▶ Exercise goal: None of the pictures should appear; the lines from the line containing "Classic Unisex Sweatshirt" through the last line of the listing must be repeated exactly.

▶ Material provided:
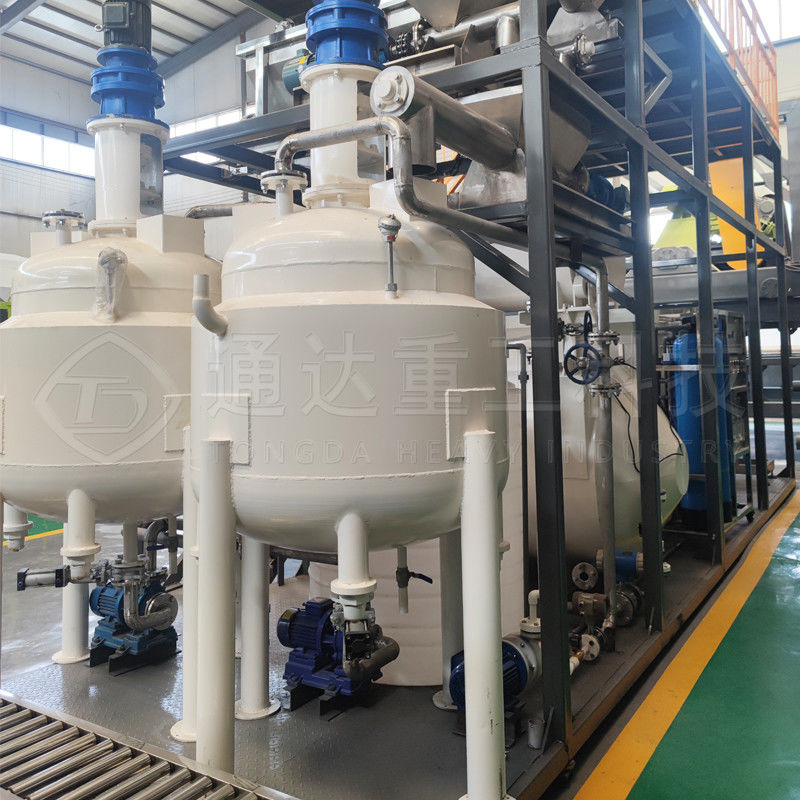 Máquina de fertilizantes líquidos de 3-5 toneladas/h Línea de producción de fertilizantes solubles en agua
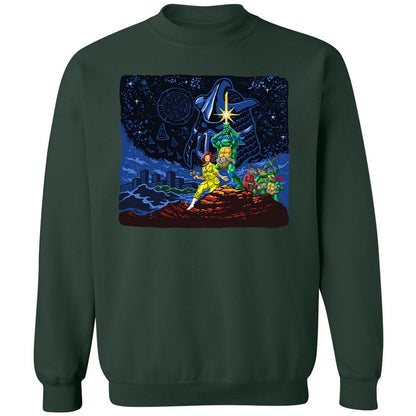 Classic Unisex Sweatshirt - 9Q1EBB6A - Forest Green - 4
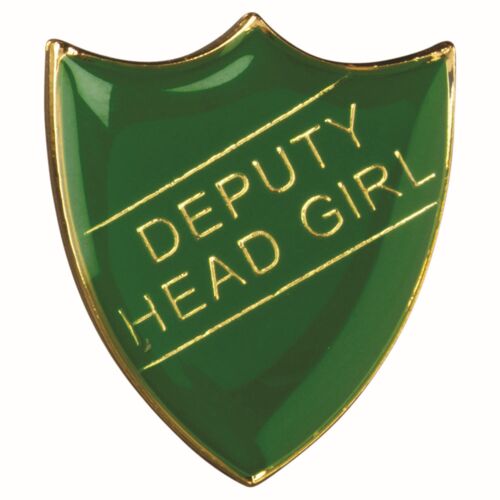 School Shield Badge (Deputy Head Girl) - Green 1.25" Thumbnail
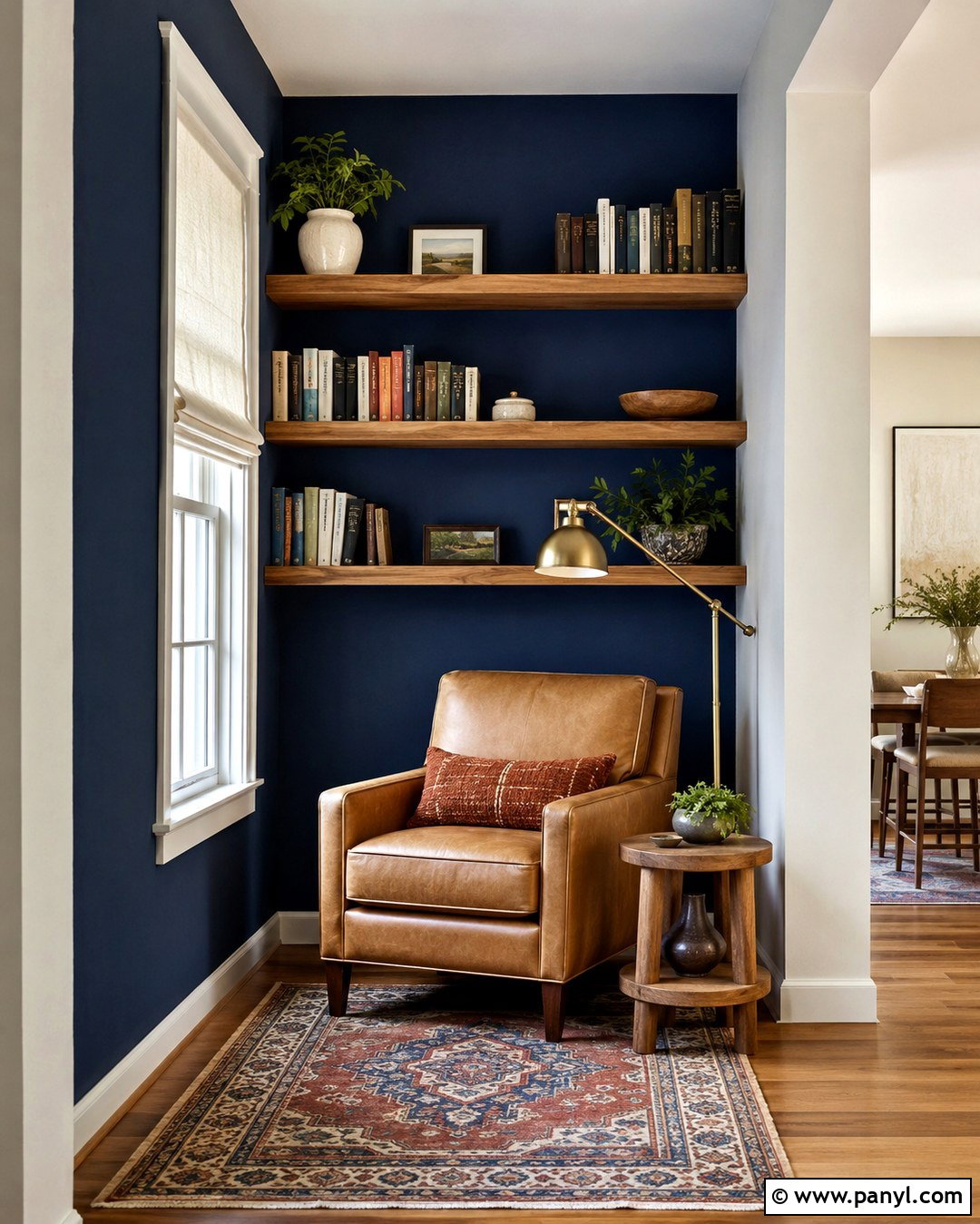 Royal Blue Reading Nook Wall - 20 Royal Blue Feature Wall Ideas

▶ Result below:
 Classic Unisex Sweatshirt - 9Q1EBB6A - Forest Green - 4
 School Shield Badge (Deputy Head Girl) - Green 1.25" Thumbnail
 Royal Blue Reading Nook Wall - 20 Royal Blue Feature Wall Ideas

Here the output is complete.